● **EXERCISE INSTRUCTIONS**
Output only the lines below that start at the line containing "小叶黄杨基地直销小叶黄杨自产自销。300万低价处理" and end at the line containing "포토 JPG 주간 식물", with both ends kept.

● **SOURCE MATERIAL**
────────────────────────────────────────

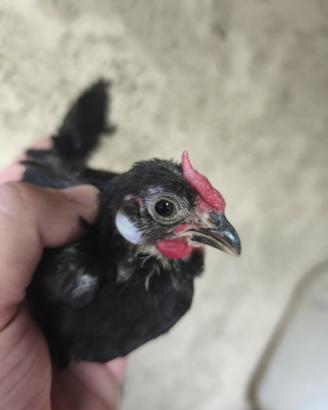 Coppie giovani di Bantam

────────────────────────────────────────

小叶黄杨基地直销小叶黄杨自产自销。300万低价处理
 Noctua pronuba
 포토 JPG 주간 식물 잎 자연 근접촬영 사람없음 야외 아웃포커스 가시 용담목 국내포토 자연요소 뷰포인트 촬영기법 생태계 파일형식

────────────────────────────────────────

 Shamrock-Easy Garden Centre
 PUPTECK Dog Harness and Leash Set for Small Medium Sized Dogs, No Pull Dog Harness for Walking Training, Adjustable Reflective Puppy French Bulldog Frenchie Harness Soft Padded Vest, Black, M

────────────────────────────────────────

● **WORKED SOLUTION**
小叶黄杨基地直销小叶黄杨自产自销。300万低价处理
 Noctua pronuba
 포토 JPG 주간 식물 잎 자연 근접촬영 사람없음 야외 아웃포커스 가시 용담목 국내포토 자연요소 뷰포인트 촬영기법 생태계 파일형식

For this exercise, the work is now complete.